The data:
------------------------------
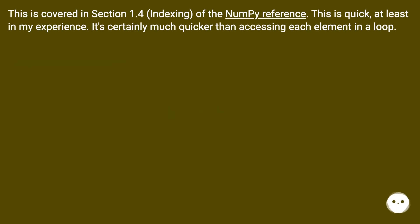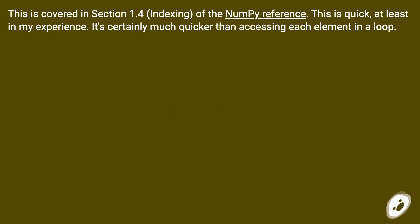This is covered in section 1.4 Indexing of the NumPy reference. This is quick, at least in my experience. It's certainly much quicker than accessing each element in a loop.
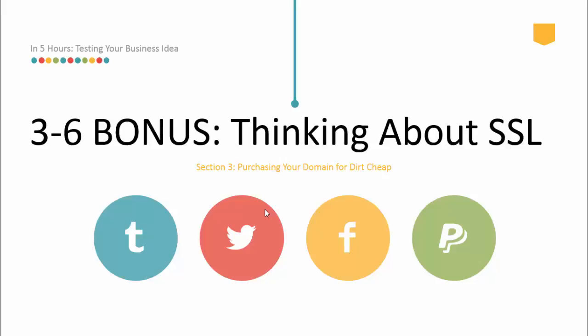Okay guys, welcome to another lesson in Testing Your Business Idea in Five Hours. This time, in a bonus lesson, we're going to learn about SSL and why we might want to consider it, especially when purchasing from NameCheap.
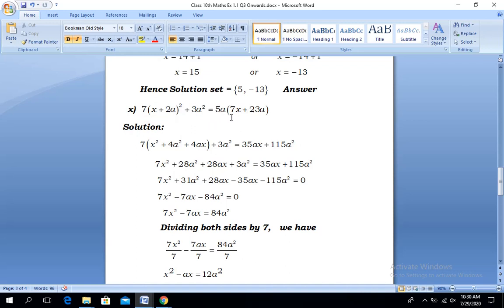We get 7 into (x² + 4ax + 4a²) + 3a² on the left-hand side, which remains the same. This is equal to, by opening the bracket and multiplying, 7 × 5 = 35ax plus 23 × 5 = 115a² on the right. On the left, simplifying and multiplying each term by 7, we get 7x² + 28ax + 28a² + 3a².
------------------------------
Your goal: Print the data above from its first line through the line that has "Okay guys, welcome", exactly and with nothing else, omitting pictures.

Response below:
This is covered in section 1.4 Indexing of the NumPy reference. This is quick, at least in my experience. It's certainly much quicker than accessing each element in a loop.
Okay guys, welcome to another lesson in Testing Your Business Idea in Five Hours. This time, in a bonus lesson, we're going to learn about SSL and why we might want to consider it, especially when purchasing from NameCheap.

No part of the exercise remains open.